WVUV

Leone, American Samoa; American Samoa;
- Broadcast area: American Samoa, Samoa, Tonga, Niue, Fiji, Kiribati, Tuvalu, and Nauru
- Frequency: 648 kHz

Programming
- Format: Defunct

Ownership
- Owner: South Seas Broadcasting, Inc.
- Sister stations: KKHJ-FM, KKHJ-LP, WVUV-FM

History
- First air date: 1942
- Last air date: 2011

Technical information
- Facility ID: 54768
- Class: B
- Power: 10,000 watts (unlimited)
- Transmitter coordinates: 14°21′28″S 170°46′36″W﻿ / ﻿14.35778°S 170.77667°W

= WVUV (AM) =

Radio station in Leone, American Samoa (1942–2011)

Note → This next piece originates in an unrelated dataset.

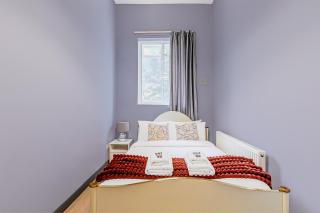Couple's getaway 1BDR apt near Holland Park - 9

WVUV (648 AM) was a radio station licensed to serve the community of Leone, American Samoa. The station, established in 1942, was owned and operated by South Seas Broadcasting, Inc., when its broadcast license was cancelled in 2011. WVUV was a sister station to NBC TV station KKHJ-LP, which went by the WVUV-LP callsign until 2008.

==Programming==
Before signing off forever, WVUV broadcast a hot adult contemporary music format to American Samoa area and other neighboring islands.

==History==
After being deleted from the FCC database in January 2005 after a period of inactivity, the station was re-licensed and reassigned the callsign WVUV by the Federal Communications Commission on May 5, 2006. The FCC application history shows a series of "Stay Silent" requests from February 2006 through 2008, as the station's antenna was damaged and the station was unable to repair it.

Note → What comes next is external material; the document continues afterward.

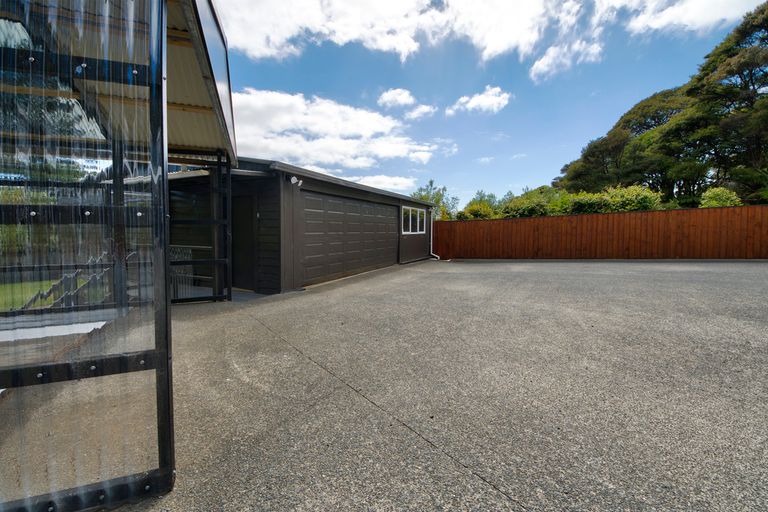Photo of property in 19 Kohu Road, Titirangi, Auckland, 0604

The station filed an application with the FCC to change broadcast frequencies from 648 kHz to 720 kHz. This would have included a reduction in power from 10,000 watts day and night to 5,000 watts during the day and 2,000 watts at night. The antenna would also have moved to 14°20'23"S, 170°46'21"W.

The WVUV broadcast license was due for periodic renewal on April 16, 2010. Per FCC regulations, the station should have applied for renewal no later than December 16, 2009. As the FCC had received no request to renew the license for nearly a year after its scheduled expiration, the Commission declared the license expired, ordered WVUV to cease broadcasting, and deleted the WVUV call sign from its database.